Quintilian, Institutio Oratoria Books 9-10. Unusally, I'd like you to have read both books by Monday.

 

With that in mind: skim through Book 9 and devote most of your energies (and especially your Latin energies) to reading Book 10, one of the most important and certainly the most read book in the IO (in it Q. lays out what constitutes in essence a 'reading list' for the budding orator). See below.

 

 

 

On Monday -- briefly -- I'd like to consider especially Quintilian's quite long quotation of Cicero (from De oratore and then Orator) in Chap. 1 (beginning in section 26). Why do you think Q. feels it necessary to quote Cicero at this point, and at such length?

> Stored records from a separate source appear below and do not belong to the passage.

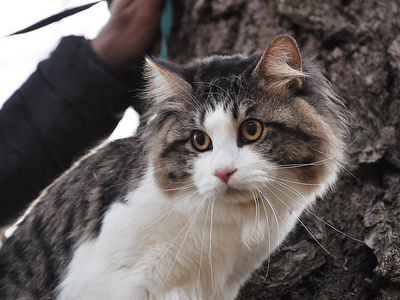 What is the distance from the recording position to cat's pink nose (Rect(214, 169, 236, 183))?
1597 millimetres

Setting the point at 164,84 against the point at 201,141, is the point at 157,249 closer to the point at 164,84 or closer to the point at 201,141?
the point at 201,141

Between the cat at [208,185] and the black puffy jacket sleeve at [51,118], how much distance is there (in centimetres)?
60

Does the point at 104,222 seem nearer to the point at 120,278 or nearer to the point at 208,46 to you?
the point at 120,278

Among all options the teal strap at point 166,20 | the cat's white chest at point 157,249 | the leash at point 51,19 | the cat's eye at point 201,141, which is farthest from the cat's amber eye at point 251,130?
the leash at point 51,19

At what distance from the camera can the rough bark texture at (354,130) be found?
2.08 m

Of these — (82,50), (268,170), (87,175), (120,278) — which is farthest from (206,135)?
(82,50)

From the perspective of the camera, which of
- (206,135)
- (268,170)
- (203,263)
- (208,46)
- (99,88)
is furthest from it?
(208,46)

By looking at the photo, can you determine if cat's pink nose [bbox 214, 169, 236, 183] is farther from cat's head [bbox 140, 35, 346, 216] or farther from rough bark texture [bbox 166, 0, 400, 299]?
rough bark texture [bbox 166, 0, 400, 299]

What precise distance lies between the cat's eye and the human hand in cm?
113

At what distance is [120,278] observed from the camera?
1.86 metres

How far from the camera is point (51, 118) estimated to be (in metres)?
2.58

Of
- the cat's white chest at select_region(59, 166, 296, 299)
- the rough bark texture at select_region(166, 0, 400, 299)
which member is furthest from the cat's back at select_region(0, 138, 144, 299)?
the rough bark texture at select_region(166, 0, 400, 299)

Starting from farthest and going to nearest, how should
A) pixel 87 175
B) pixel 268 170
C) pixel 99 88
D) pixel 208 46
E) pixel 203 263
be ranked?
pixel 208 46
pixel 99 88
pixel 87 175
pixel 203 263
pixel 268 170

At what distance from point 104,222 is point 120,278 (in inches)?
10.6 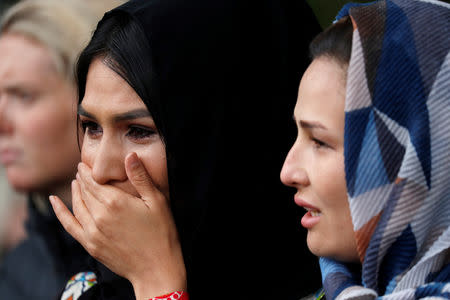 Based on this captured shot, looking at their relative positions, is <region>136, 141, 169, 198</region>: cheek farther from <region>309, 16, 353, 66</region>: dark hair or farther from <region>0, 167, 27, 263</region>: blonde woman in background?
<region>0, 167, 27, 263</region>: blonde woman in background

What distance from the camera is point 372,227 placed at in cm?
195

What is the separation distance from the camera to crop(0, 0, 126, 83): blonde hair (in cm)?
411

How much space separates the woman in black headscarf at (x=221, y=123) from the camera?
8.26 ft

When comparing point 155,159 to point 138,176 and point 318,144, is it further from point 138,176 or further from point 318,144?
point 318,144

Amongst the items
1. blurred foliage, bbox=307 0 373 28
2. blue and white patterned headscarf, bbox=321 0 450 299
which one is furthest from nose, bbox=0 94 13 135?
blue and white patterned headscarf, bbox=321 0 450 299

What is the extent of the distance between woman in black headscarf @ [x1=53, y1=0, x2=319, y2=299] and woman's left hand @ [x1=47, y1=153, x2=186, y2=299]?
0.08ft

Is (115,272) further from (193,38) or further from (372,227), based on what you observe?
(372,227)

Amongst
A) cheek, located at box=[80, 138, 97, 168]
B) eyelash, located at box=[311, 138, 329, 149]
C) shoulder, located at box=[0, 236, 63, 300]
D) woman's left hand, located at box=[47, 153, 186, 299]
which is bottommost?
shoulder, located at box=[0, 236, 63, 300]

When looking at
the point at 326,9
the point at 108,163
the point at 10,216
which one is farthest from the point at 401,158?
the point at 10,216

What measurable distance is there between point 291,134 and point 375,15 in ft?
2.51

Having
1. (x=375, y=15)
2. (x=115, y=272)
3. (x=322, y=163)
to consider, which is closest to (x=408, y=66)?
(x=375, y=15)

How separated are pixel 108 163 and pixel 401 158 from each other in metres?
1.09

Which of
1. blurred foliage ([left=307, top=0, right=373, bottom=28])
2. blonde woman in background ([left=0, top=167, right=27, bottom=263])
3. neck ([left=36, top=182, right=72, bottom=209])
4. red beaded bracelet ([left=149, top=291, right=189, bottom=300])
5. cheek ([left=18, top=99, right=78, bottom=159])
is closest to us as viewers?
red beaded bracelet ([left=149, top=291, right=189, bottom=300])

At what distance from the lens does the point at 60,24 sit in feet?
13.7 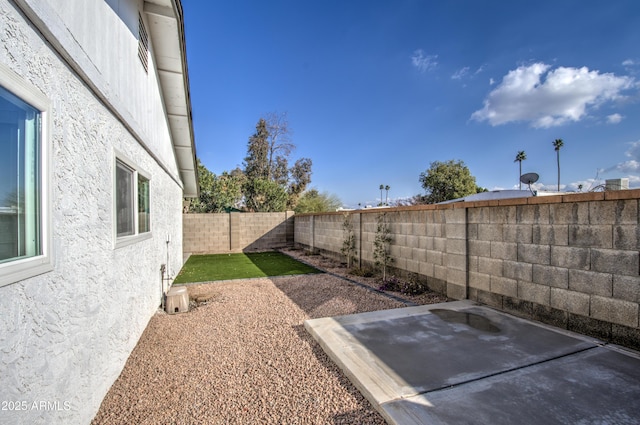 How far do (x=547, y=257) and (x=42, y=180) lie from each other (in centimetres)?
556

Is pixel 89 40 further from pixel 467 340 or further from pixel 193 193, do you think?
pixel 193 193

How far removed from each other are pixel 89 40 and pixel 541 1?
1208 cm

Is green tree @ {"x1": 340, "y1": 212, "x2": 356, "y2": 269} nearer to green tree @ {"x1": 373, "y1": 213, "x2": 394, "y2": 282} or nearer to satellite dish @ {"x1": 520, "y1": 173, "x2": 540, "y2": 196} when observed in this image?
green tree @ {"x1": 373, "y1": 213, "x2": 394, "y2": 282}

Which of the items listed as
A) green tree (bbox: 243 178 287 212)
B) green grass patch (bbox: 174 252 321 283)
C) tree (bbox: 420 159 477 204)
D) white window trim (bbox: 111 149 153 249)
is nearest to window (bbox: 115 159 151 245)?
white window trim (bbox: 111 149 153 249)

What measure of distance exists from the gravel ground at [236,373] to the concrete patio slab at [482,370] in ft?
0.86

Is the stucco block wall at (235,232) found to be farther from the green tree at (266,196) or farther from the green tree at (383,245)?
the green tree at (383,245)

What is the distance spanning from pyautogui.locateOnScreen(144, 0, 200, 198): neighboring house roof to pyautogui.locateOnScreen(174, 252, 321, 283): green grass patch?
4032 mm

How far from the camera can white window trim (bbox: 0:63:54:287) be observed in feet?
5.21

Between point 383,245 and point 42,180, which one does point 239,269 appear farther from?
point 42,180

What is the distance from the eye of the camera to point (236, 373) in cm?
320

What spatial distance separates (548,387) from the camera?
256 centimetres

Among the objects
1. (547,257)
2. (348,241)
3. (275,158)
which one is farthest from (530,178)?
(275,158)

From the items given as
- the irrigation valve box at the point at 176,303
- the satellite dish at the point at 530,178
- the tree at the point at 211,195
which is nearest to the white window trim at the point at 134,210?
the irrigation valve box at the point at 176,303

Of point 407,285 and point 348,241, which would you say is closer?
point 407,285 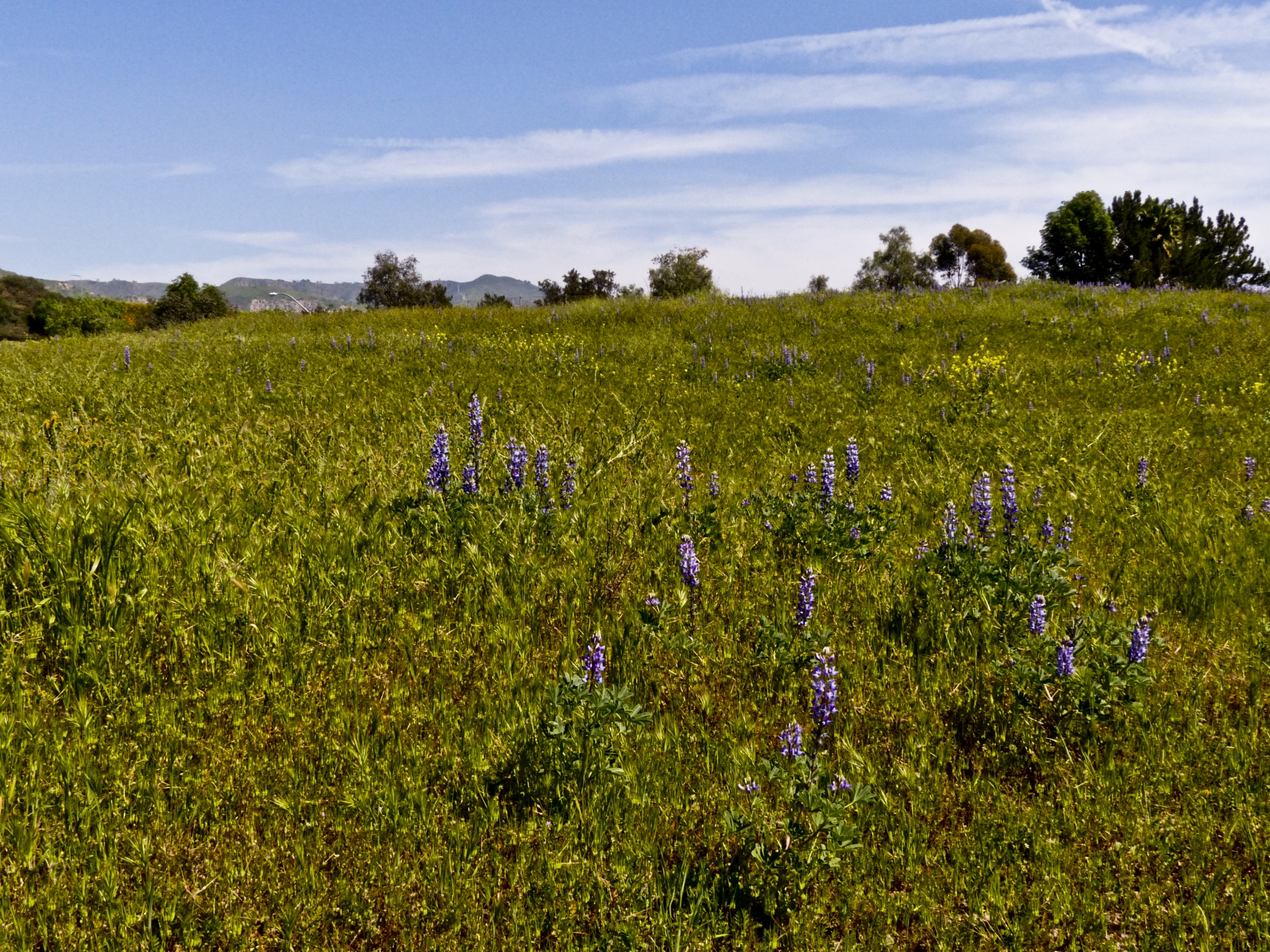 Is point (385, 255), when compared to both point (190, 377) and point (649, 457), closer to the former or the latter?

Russell notes that the remainder of the book constitutes a kind of commentary on these remarks by Cicero. Are there places where Q. usefully expands on or modifies something Cicero says? Is there any sense, in other words, in which Q. disputes the authority of Cicero on figurae?

 

But starting on Monday as well -- and concluding on Wednesday -- we will consider Book 10 carefully as follows. Each of you will be responsible for summarizing Q.'s views and recommendations on the following (about 10-12 minutes per person, or so...less if you feel you can do it in less).

 

Megan: Greek epic and drama

Luo: all other poetry

Danny: Greek prose

Emma: Latin epic and drama

Anna: all other poetry

Chad: Latin prose

 

Consider not only whom Q. recommends we read but why? What does each genre offer to the orator? Are there noticeable omissions...and if yes, how would you account for them?

 

 

 

Please read for Wednesday Elaine Fantham's 'Latin Criticism of the Early Empire' in G. Kennedy, ed., The Cambridge History of Literary Criticism, Vol. 1, 274-96 (Cambridge 1990). This is available electronically here (I believe you may have to be on the UW system to get to this), and I'll also post the pdf on our webpage.


This essay is not exclusively about Quintilian, but it does include a good section on him and on Book 10 in particular. Plus, in addition to covering a number of other authors prior to and after Quintilian, she has a good -- and what will prove to be relevant -- discussion about Tacitus and Pliny the Younger. Useful, that is, for Quintilian proper and things you'll be reading shortly, but also useful as a general survey of the sort of things early imperial writers considered important with respect to reading and understanding literature.